ANDY WHITE AND TIM FINN get loud and political on their new single ‘The Happiness Index’. The track comes from their forthcoming album, AT, and was recorded in New Zealand and Australia. It’s a powerful piece with overtones of early Dylan but the vocals really should be higher in the mix. We await the album with keen anticipation.
https://www.andywhite.com/

Not quite so loud but definitely political, BEANS ON TOAST is ‘Against The War’. It’s clearly about the situation in Ukraine but, of course, it could be about any war, police action or invasion since 1945. For the most part it is performed on acoustic guitar over a deep bass drone but towards the end it explodes with a cacophony of noise that sounds not unlike an actual battlefield before, suddenly, peace descends.
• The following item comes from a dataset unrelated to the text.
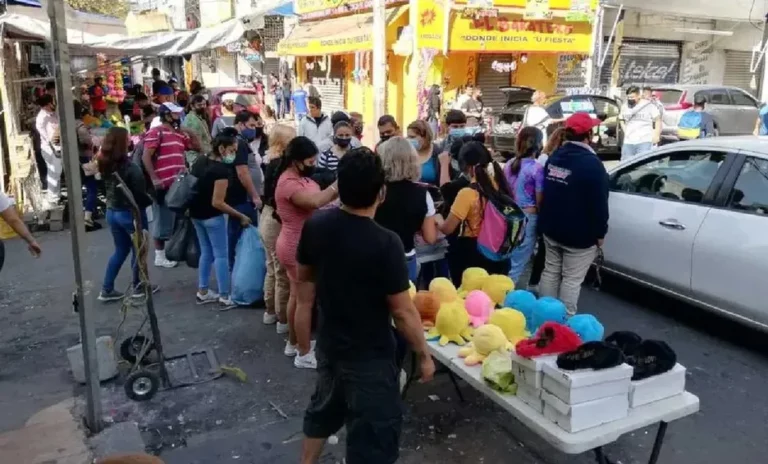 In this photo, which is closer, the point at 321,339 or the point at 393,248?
the point at 393,248

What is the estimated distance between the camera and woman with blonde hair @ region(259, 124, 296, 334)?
502cm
Rather more nuanced than the Whitfield-Strong Motown hit.
https://beansontoastmusic.com/

Singer/songwriter John Tedesco packs a lot into the story of ‘Mary Ann’, the first female bushranger and lover of the notorious Captain Thunderbolt, sung here by native Australian NOVAC BULL. Mary Ann Bugg was the daughter of a white convict and an Aborigine woman and survived many adventures, including three arrests before dying at the age of 68. As Johnny says it’s high time her story was told – told here in a piano led Americana (Australiana?) style. Very nice.
https://www.facebook.com/novac.kittymeows/

‘Busy Doing Nothing’ isn’t, fortunately, that gimmicky song from the 60s but the new single by Liverpool singer/songwriter EUAN BLACKMAN. It’s a dark moody song about a woman he needs so badly but “you fuck me up in the morning/you kill all my friends because you don’t want to see them again”. It’s very well done but the poor guy has problems.
https://www.facebook.com/euanblackmanmusic/

Nice chunky acoustic guitar introduces ‘Strange Weather’, the new single from LUKE SITAL-SINGH in advance of the upcoming EP of the same title. It has a clever tune and interesting lyrics and a lot going on in the arrangement. It would be nice to think that this would be Luke’s breakthrough.
https://www.lukesitalsingh.com/

Irish musician and producer DAVID KITT releases a double A-side single, ‘Till The End’ and ‘Balances’. Both are unconventional featuring lots of percussion, drones, pulsing bass and some distorted guitar. Don’t be put off, though. The slow burning ‘Till The End’ develops into a beautiful song while ‘Balances’ provides a lively contrast. His new album, Idiot Check, is released next month.
http://www.davidkitt.com/

As a taster for her upcoming album, Onliness, JOSIENNE CLARK releases ‘The Birds’. It’s a beautiful and beautifully arranged song about the onset of winter – and a sense of melancholy that goes further than that.